* [Recorded data]

------------------------------------

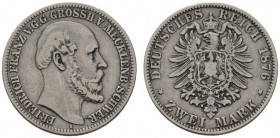Deutsche Münzen und Medaillen ab 1871 
 Silbermünzen des Kaiserreiches 
 Lippe. Leopold IV. 1905-1918 
 2 Mark 1876 A. J. 84. leichte Patina, schön...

------------------------------------

* [Problem to solve] Only the pictures are dropped. Otherwise, write out the listing exactly.

* [Solution to this task]
Deutsche Münzen und Medaillen ab 1871 
 Silbermünzen des Kaiserreiches 
 Lippe. Leopold IV. 1905-1918 
 2 Mark 1876 A. J. 84. leichte Patina, schön...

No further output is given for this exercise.